Prometheus Bound Songs, With Lyrics by Steven Sater, Featured On New Serj Tankian Album

News   Prometheus Bound Songs, With Lyrics by Steven Sater, Featured On New Serj Tankian Album
Two songs from the new rock musical Prometheus Bound, which debuted at the American Repertory Theater in 2011, have been released by songwriter Serj Tankian on his new album "Harakiri."

Released July 10 by Reprise Records, the deluxe 13-track edition of the former System of a Down musician's album includes two songs Tankian co-authored with Tony Award-winning Spring Awakening lyricist-book writer Steven Sater.

Sater said the rock urgency of the songs, which drive the politically charged musical Prometheus Bound, felt particularly timely during a U.S. presidential election year. The songs include "Weave On" (originally sung by Gavin Creel at A.R.T.) and "Tyrant's Gratitude," included as a bonus track on "Harakiri."

The creative team, including Tony Award-nominated Porgy and Bess and Hair director Diane Paulus, are hoping to regroup in the near future to continue to develop Prometheus Bound for a future production.

"The songs are very of the moment. Each performance essentially turned into an activist event," Sater told "It was a truly immersive production. There are a lot of elements we are discussing and rethinking in terms of the future of the show."

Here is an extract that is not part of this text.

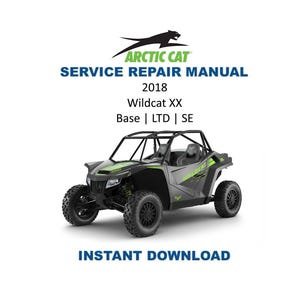 2018 Textron (Arctic Cat) Wildcat XX Service Manual | UTV Repair Guide | Instant Digital Download | PDF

Click here to listen to "Tyrant's Gratitude."
Click here to listen to "Weave On." Two-time Tony Award nominee Gavin Creel (Hair, Thoroughly Modern Millie, The Book of Mormon) starred in the title role of the political musical about tyranny and human rights, which was staged by Paulus in late winter 2011. Sater, the Tony Award-winning librettist and lyricist of Spring Awakening, adapted the Aeschylus play; the production has music by System of a Down band member Tankian.

Here's how the original production was characterized: "An outcry against tyranny, the new rock musical Prometheus Bound illustrates one man's struggle against the brute force of a ruthless dictator… This new musical is inspired by Aeschylus's ancient Greek tragedy about the suffering of Western civilization's first prisoner of conscience."